I recall many years ago, many many years ago ;~) one would get into a heap of trouble in shop class if you returned to the jointer to try to establish the board width with the jointer. Board edges could become nonparallel without a fixed indexing surface like the a rip fence.

Reply to
Leon

I agree that step 6 should be unnecessary with a sharp table saw blade set at 90 degrees, although a single pass with a well setup jointer AND proper technique, shouldn't hurt anything ... AAMOF, I occasionally do it when prepping boards for flat panel glue-ups.

The fly in the ointment is that a well setup jointer and proper technique are not givens in the age of GoogleXpertise, versus learning from an experienced teacher in a shop environment.

Reply to
Swingman

Agreed! I use'ta occasionally make a trip back to the jointer too. ;~) What ever works or straightens out a problem, no pun intended.

I was at odds with the fact that a college published the technically improper steps. Not surprised mind you.

Reply to
Leon

I find it interesting that no one mentioned hand jointing after. If I am joining up a panel, I will hand joint after ripping, so that the middle is sprung a little. That way the ends when they shrink won't gap. So joint after yes... but hand joint to be sure.

Reply to
tiredofspam

This may be of interest to some of you.

Lew

---------------------------------- EIGHT STEPS TO SQUARING LUMBER

Courtesy of Cerritos College

Step Process Machine

1 Rough cut piece to length +1" Radial Arm Saw 2 Surface one face (Concave side down) Jointer 3 Surface to desired thickness Planer 4 Joint one edge Jointer 5 Rip to desired width + 1/32" Table Saw 6 Joint ripped edge Jointer 7 Square one end Chop Saw or Table Saw 8 Square other end to desired length Chop Saw or Table Saw

========== Thanks for that, being new to jointing and just purchased one still in the box.
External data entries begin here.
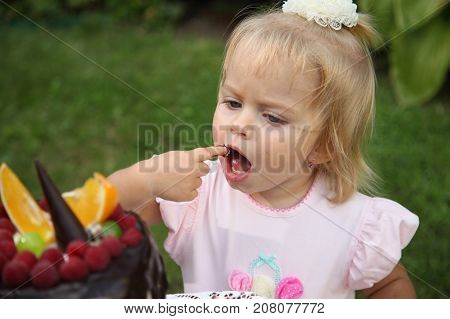 Girl birthday. A little white-haired girl of two years is trying a birthday cake. Little girl celebrating second birthday.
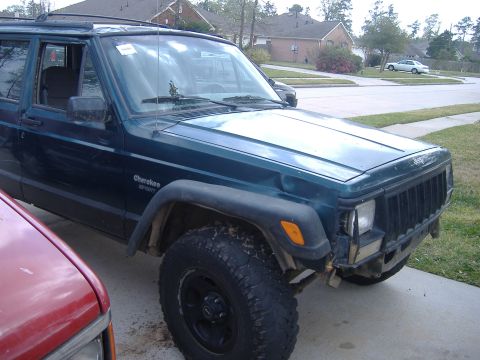 2004 Jeep Wrangler - A dark green Jeep Cherokee Sport shows damage to its front bumper and is parked next to a red vehicle.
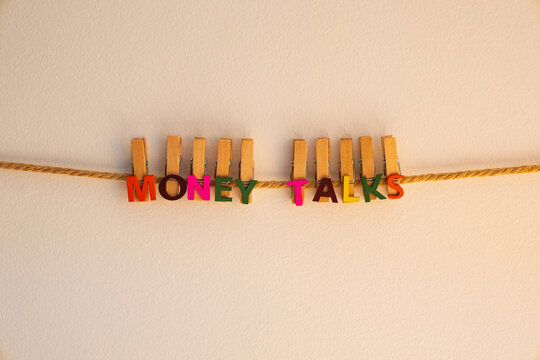 Money Talks written in cute colourful alphabet wooden clips fixed to rope against wall 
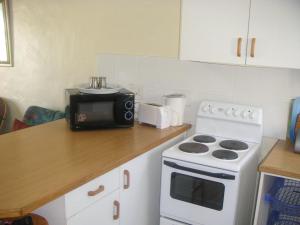 杰弗里湾Waterside Living CL16的厨房配有炉灶和微波炉。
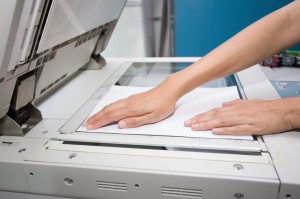 hands putting a sheet of paper into a copying device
Doesn't the concave surface present problems to "fix" the first side?

Is there a technique to not making a rocking horse?

Reply to
Eric

This may be of interest to some of you.

Lew

---------------------------------- EIGHT STEPS TO SQUARING LUMBER

Courtesy of Cerritos College

Step Process Machine

1 Rough cut piece to length +1" Radial Arm Saw 2 Surface one face (Concave side down) Jointer 3 Surface to desired thickness Planer 4 Joint one edge Jointer 5 Rip to desired width + 1/32" Table Saw 6 Joint ripped edge Jointer 7 Square one end Chop Saw or Table Saw 8 Square other end to desired length Chop Saw or Table Saw

========== Thanks for that, being new to jointing and just purchased one still in the box.

Doesn't the concave surface present problems to "fix" the first side?

Is there a technique to not making a rocking horse?

Reply to
Eric

1 Concave side down through thickness planer. 2 Turn board over and run through thickness planer. 3 Run lengthwise on table saw. 4 Flip board and run lengthwise on other edge. 5 Square ends on chop saw.

Am I missing something here? WW

Reply to
WW

AFAIK, the reason you don't start on the planer is because it does nothing to correct any bow or twist along the board's length. The jointer doesn't just remove cupping, it removes the bow and twist from the length of a board. Once you've produced one wide edge that is perfectly flat, that is the reference edge for the planer.

Reply to
-MIKE-

Thanks Mike. I only do this on cupped boards. WW

Reply to
WW

A jointer's purpose is to make one face/edge of your stock _flat_.

A planers job is to make the opposite face of a jointed board parallel to the jointed/flat face ... The results of this sequences is a board of even thickness throughout it's length.

If you run a bowed board through a planer without first removing the bow on a jointer, then flip if over and run it through again, the result may not be a board of even thickness throughout it's length.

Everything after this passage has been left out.